**Your instructions:**
For this task, extract exactly the lines of the data below, from the line containing "MacOS-systeminställningar med Bluetooth" through the last one, with pictures left out.

Short text fragments from websites:
.....
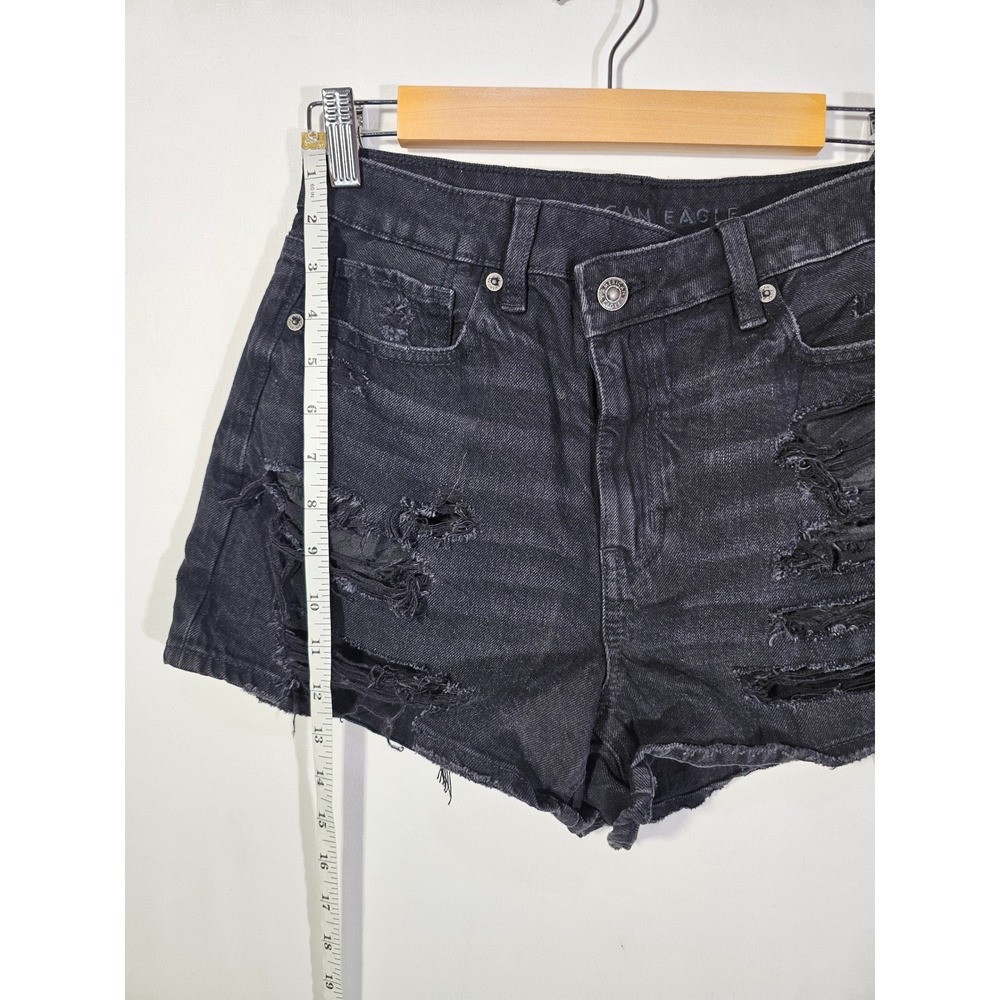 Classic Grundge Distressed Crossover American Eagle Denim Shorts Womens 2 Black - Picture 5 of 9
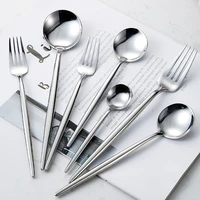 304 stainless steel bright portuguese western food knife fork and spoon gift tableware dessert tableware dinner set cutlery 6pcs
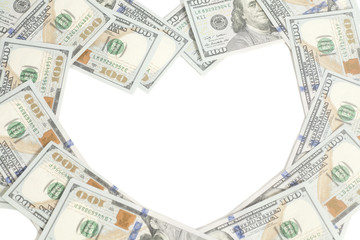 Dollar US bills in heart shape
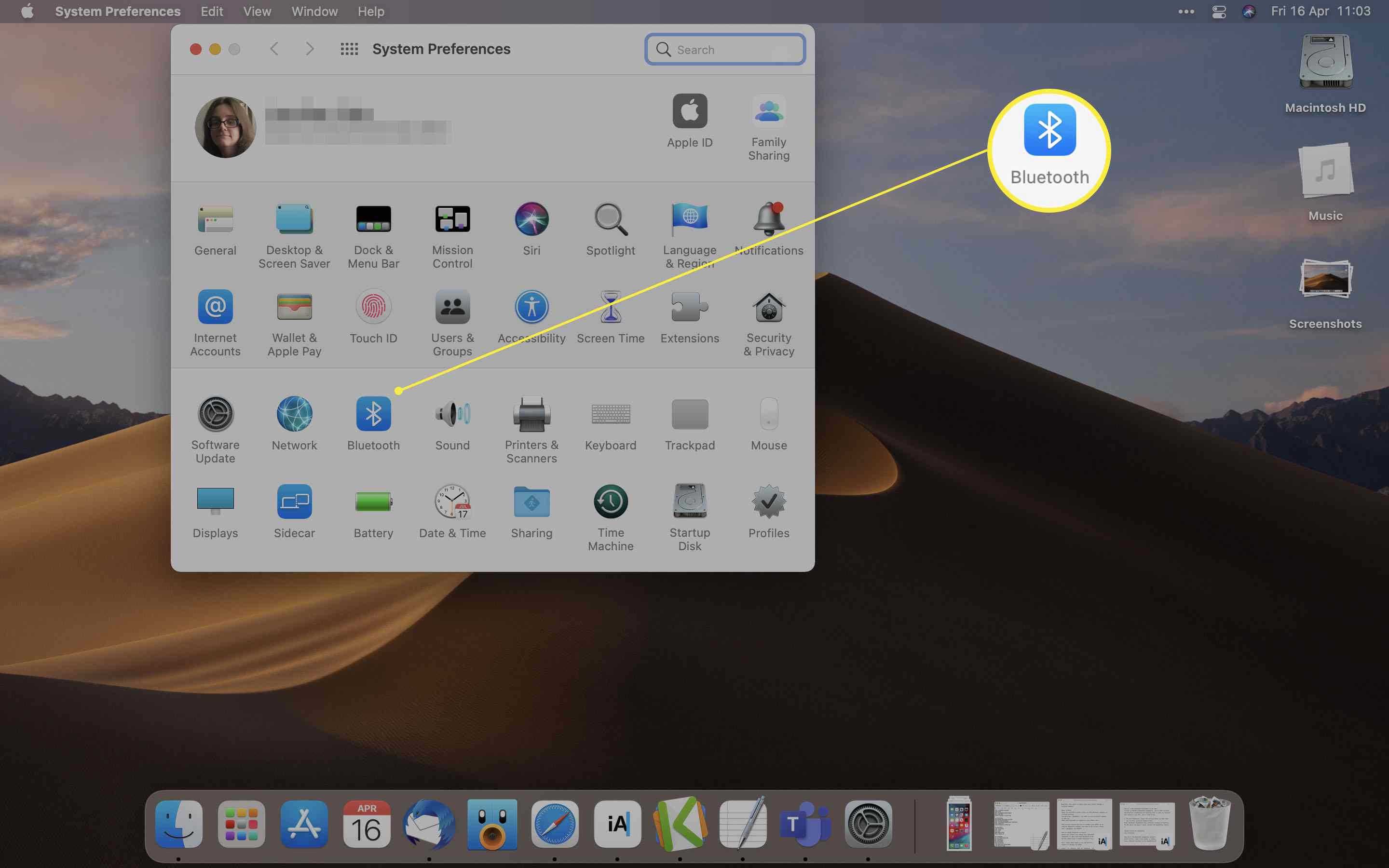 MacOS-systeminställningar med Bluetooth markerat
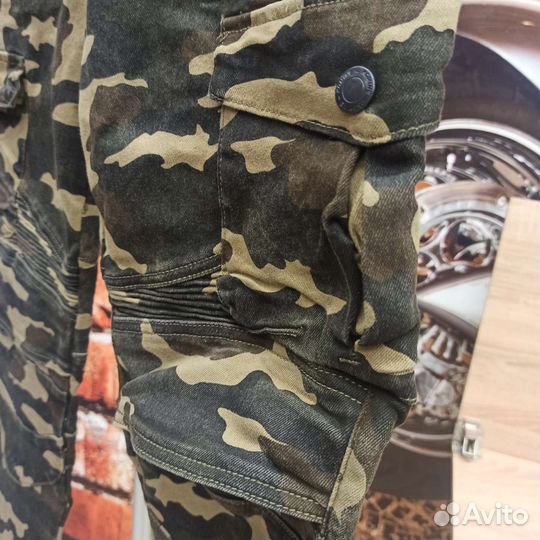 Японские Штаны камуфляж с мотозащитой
.....
**The answer:**
 MacOS-systeminställningar med Bluetooth markerat
 Японские Штаны камуфляж с мотозащитой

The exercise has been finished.